Not only should you be emotionally ready to pounce, but be logistically ready as well. That means pulling together all your paperwork—bank statements, pre-approval letter, and any documents supporting proof of funds—while you’re house hunting.

  1. Offering your max pre-approved amount

Today’s sellers are often besieged by multiple suitors, and the successful buyer will be one who’s prepared for a bidding war. The best way to arm yourself for battle is to make sure you’ve got a strong financial arsenal. That means getting pre-approved (do this now, if you haven’t already) to show a seller you’re financially prepared to buy a home—their home.

When you make an offer, beware of submitting a price on your pre=approval that exactly matches the amount you were pre-approved for, says Chuck Silverston, principal at Unlimited Sotheby’s International Realty in Brookline, MA.

You want to show financial strength. It’s better to have an approval for the highest loan amount you are qualified for—the difference, will be your down payment.

An exact pre-approval could make a listing agent nervous because not only does the buyer not have any room to increase their offer if they are not the highest, they may look stretched on paper if the home doesn’t appraise.

  1. Using an obscure lender

Also consider using a well-known local mortgage lender or bank. But before you do, be sure and speak with us. Many agents are leery of certain lenders. You’ll want to make sure your lender has as strong a reputation as that of your agent for closing transactions. Choosing an out-of-area lender could worsen the likelihood of your offer being accepted.
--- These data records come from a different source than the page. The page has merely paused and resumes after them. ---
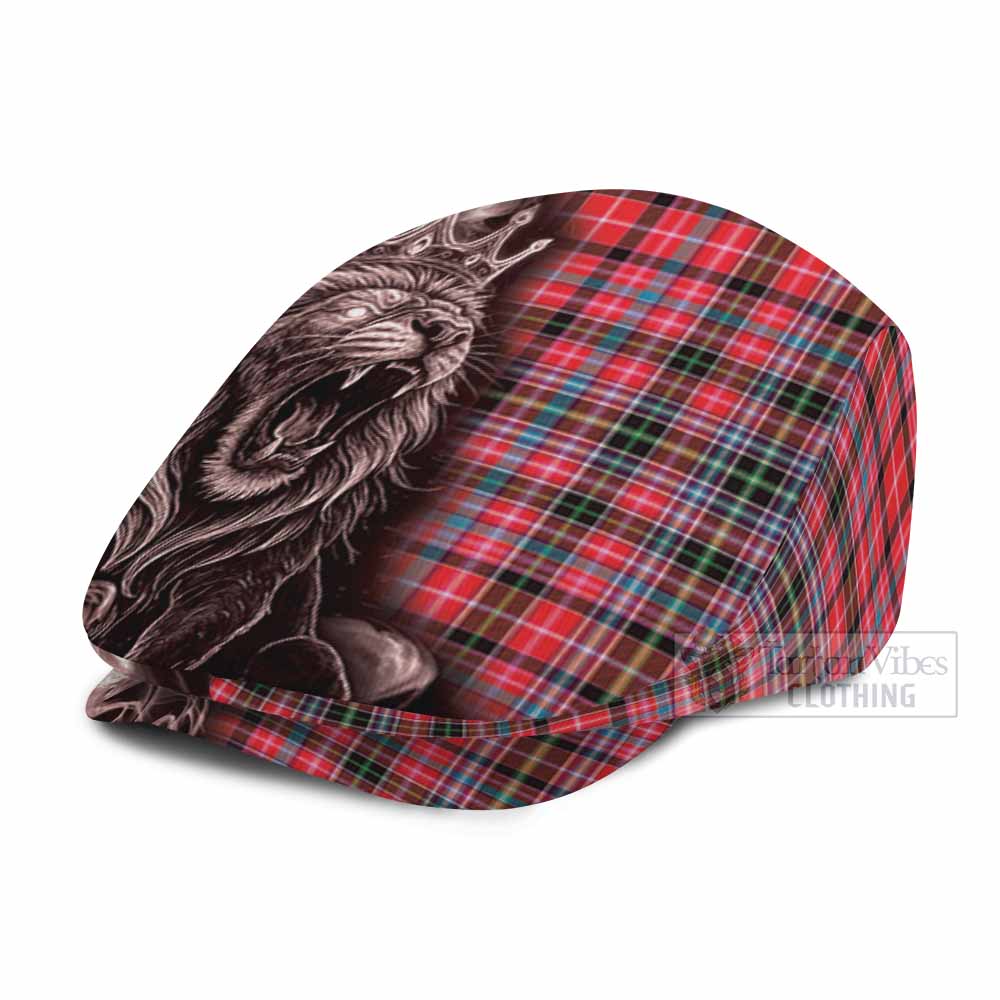 Aberdeen District Tartan Flat Cap, Jeff Cap Roaring Lion Heritage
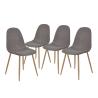Buy cheap Green Forest Fabric Dining Room Chairs Metal Legs Fabric Cushion Seat Back from wholesalers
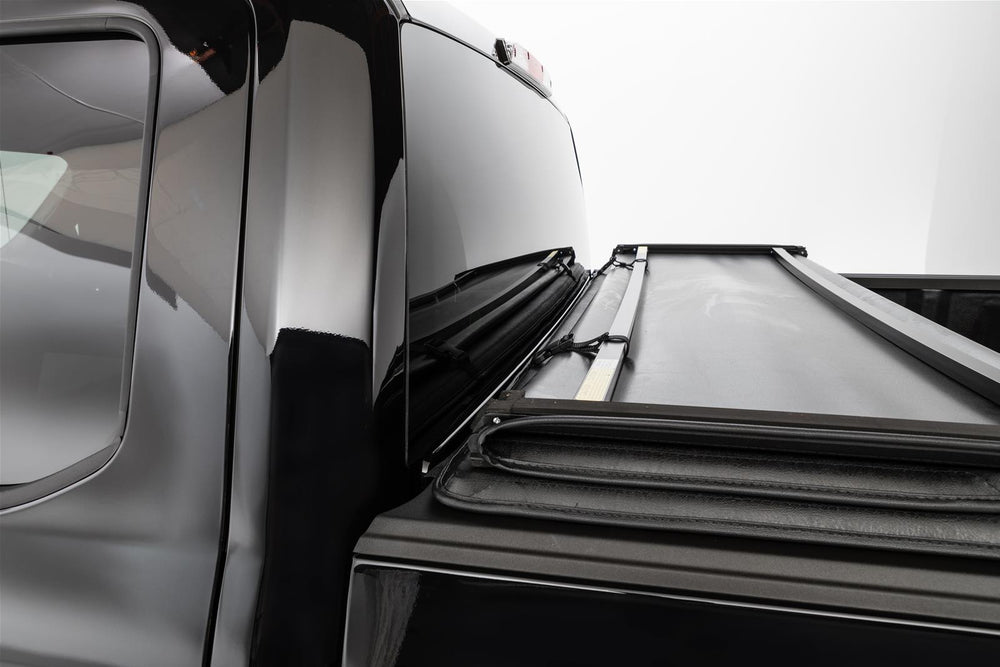 LEER 2019+ GMC Silverado/Sierra AC LATITUDE 5Ft8In Tonneau Cover - Folding Full Size Short Bed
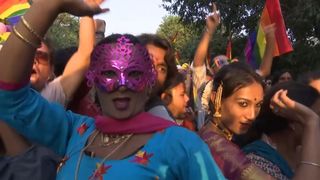 Participation sans précédent à la fierté gay indienne 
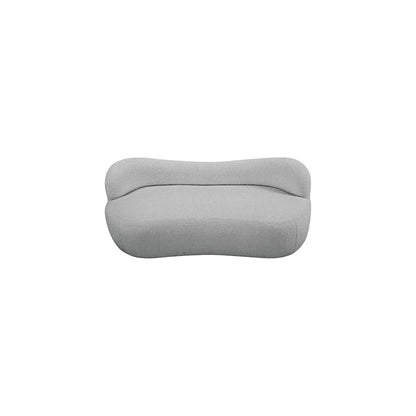 Flair Grey Boucle Fabric Bench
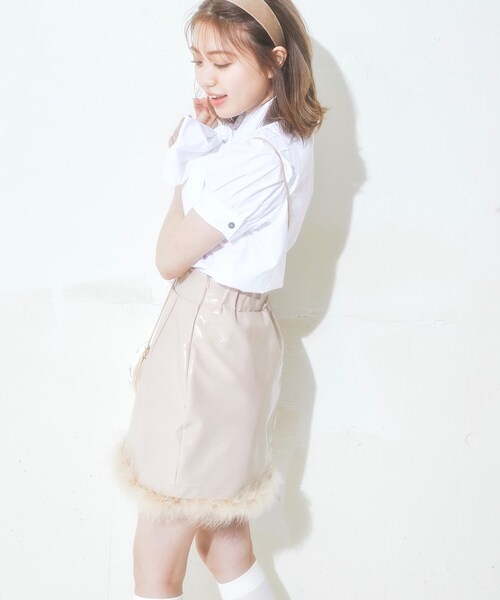KOL ME BABY(コルミーベイビー)の「◆Puppy Skirt(スカート・レディース・ライトベージュ・00)」の8枚目の写真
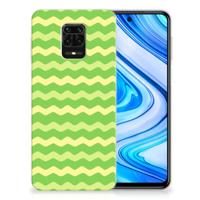 Xiaomi Redmi Note 9S | Note 9 Pro TPU bumper Waves Green - thumbnail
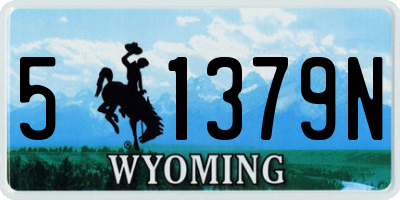 WY license plate 51379N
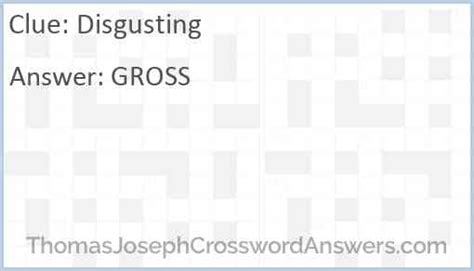 disgusting crossword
  1. Having unnecessary contingencies. We wrote an in-depth article about just how much having a contingency in your offer could cost you. If a buyer is nervous enough to want to back out of a deal on a contingency, that is sufficient reason for a seller to be nervous as well. By adding a contingency to their offer, the buyer is shifting the risk of an unknown to the seller, instead of absorbing it themselves. Better to pay for your own additional inspection if you need one prior to delivering your offer, so it’s not contingent upon it. If the contingency is for the appraisal, understand that you are liable for only 80% of the difference. Want to make your offer really stand out? Increase the down payment from 20% to 25% and the seller will feel much more comfortable—especially in a bidding frenzy where the home is selling for far over the asking price. Why? Because it will have to appraise for far less.

If you want the full explanation, read this article we did on how to calculate an appraisal value for you home.

  1. Letting outsiders sway your offer

When you’re buying a home, you probably want a second opinion. And what you’ll probably get is more like a third, fourth, fifth and so on. We get it. But beware of letting these people—who mean well but probably haven’t seen the many, many other homes you’ve seen—influence your offer.

The trusted adviser does what they think is best and tries to protect the buyer and usually slams the home. Unfortunately, they don’t have the education in seeing the other 10 homes you’ve seen, or understand today’s market. This is especially true if there’s a generational gap. Your parents, as well meaning as they may be, no doubt haven’t kept up on the values. If you hired a professional REALTOR to help you, it’s really best to listen to their advice first, and bounce your thoughts off of your other confidants as a secondary avenue.

  1. Not selling yourself

Wait, isn’t it the seller who, you know, does the selling? It might not sound quite fair, but in a seller’s market, you want to make sure you—the buyer—look as good to the seller as that picture-perfect house looks to you, Silverston says.

And it’s not just about looking good on paper. In fact, Silverston says, the offer process begins the moment the buyer steps through the door at the open house or showing.

“In today’s highly competitive environment, the listing agent is trying to determine which buyer will be the easiest to deal with,” he says.

That’s why buyers should avoid pointing out defects, asking a lot of nitpicky questions, or even insulting the owner’s taste by discussing changes they want to make.

“Basically buyers who act less than enthusiastic will see themselves at a competitive disadvantage when sellers are comparing multiple offers,” he says.

And, don’t forget to help seal the deal with a love letter—a personal touch could be enough to boost you to the top in the seller’s mind.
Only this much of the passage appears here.